La deuxième avancée était de nature idéologique. Pour justifier l'intervention militaire contre un État souverain, on invoquerait désormais les droits de l'homme. Cette doctrine fut expérimentée dans les Balkans, où la propagande humanitaire servit de paravent à l'ingérence dans les affaires intérieures de la Serbie. On inventa au Kosovo un génocide qui n'eut jamais lieu, on bombarda les infrastructures serbes, puis on confia le service après-vente de ce désastre à Bernard Kouchner.
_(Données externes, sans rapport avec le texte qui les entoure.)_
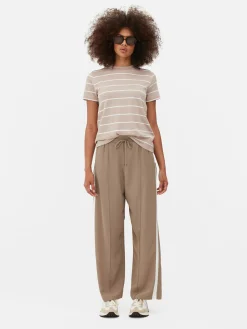 Tops Und T-Shirts|Primark Gestreiftes T-Shirt Mit Rundhalsausschnitt Braun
Cette opération eut pour résultat de créer un État voyou, livré clé en main à une mafia qui s'était mise au service de l'Occident pour préserver ses marges de profit. Pour la première fois, un État-croupion fut porté sur les fonts baptismaux par une intervention militaire de l'Otan, en l'absence de mandat onusien et en violation de la loi internationale. On croyait naïvement que l'intangibilité des frontières était un principe de droit international. C'est fini.
Le génie inventif de la présidence Clinton, enfin, porta sur la façon de faire la guerre. Avec les bombardements infligés à l'Irak et à la Serbie, le Pentagone expérimenta une « révolution dans les affaires militaires ». Au lieu d'expédier des troupes risquant de se faire hacher menu, Washington frappa ses ennemis en déchaînant le feu céleste. D'une parfaite asymétrie, les frappes chirurgicales cumulaient les avantages de l'ubiquité, de la précision et de l'absence de pertes dans le camp du bien.

Avec ces trois innovations, le paradigme Clinton fournit un modèle inoxydable de politique étrangère. Ni George W. Bush ni Barack Obama n'y ont dérogé. Le premier adopta après le 11 septembre 2001 un interventionnisme brouillon qui fit l'effet d'un éléphant dans un magasin de porcelaine. Secoué par le fiasco irakien, le peuple américain élut en 2008 un démocrate plutôt avenant qui avait pour carte de visite son opposition à cette aventure guerrière. Mais l'illusion fut de courte durée, et la politique néo-conservatrice continua de plus belle.

Barack Obama, il est vrai, a signé un important accord avec l'Iran et entamé le dialogue avec Cuba. Il a évité l'envoi de troupes sur le champ de bataille, préférant le « leading from behind » à l'intervention directe. Mais il a intensifié la sanglante guerre des drones et maintenu le bagne extra-légal de Guantanamo. Jouant avec le feu, il a poursuivi la déstabilisation de petits États qui ne marchandent pas leur souveraineté, comme la Libye et la Syrie. Face à l'Est, il a comparé la Russie à Daech et Ebola, il a installé un bouclier antimissile qui menace Moscou, favorisé un coup d'État à Kiev et imposé à la Russie, qui n'agresse personne, des sanctions inutiles.
La campagne électorale d'Hillary Clinton montre que les élites dirigeantes du pays entendent poursuivre cette politique agressive. Si jamais elle l'emporte face à Donald Trump, le « paradigme Clinton » a de beaux jours devant lui. La candidate démocrate est fière comme un Artaban de son bilan en Libye et décidée à liquider Bachar al-Assad. L'« Amérique » dont elle promet le retour veut conjurer à tout prix l'émergence d'un monde multipolaire. Le « capitalisme portant en lui la guerre comme la nuée l'orage » (Jaurès), cette obstination n'est pas de bon augure.